Replicate the data exactly, every line included.

▶ [Given information]
++++
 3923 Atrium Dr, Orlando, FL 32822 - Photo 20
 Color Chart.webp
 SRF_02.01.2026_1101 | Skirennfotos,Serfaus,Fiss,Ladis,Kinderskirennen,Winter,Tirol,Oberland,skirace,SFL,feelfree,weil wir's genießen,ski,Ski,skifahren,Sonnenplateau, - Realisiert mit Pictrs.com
++++
▶ [Result for this exercise]
 3923 Atrium Dr, Orlando, FL 32822 - Photo 20
 Color Chart.webp
 SRF_02.01.2026_1101 | Skirennfotos,Serfaus,Fiss,Ladis,Kinderskirennen,Winter,Tirol,Oberland,skirace,SFL,feelfree,weil wir's genießen,ski,Ski,skifahren,Sonnenplateau, - Realisiert mit Pictrs.com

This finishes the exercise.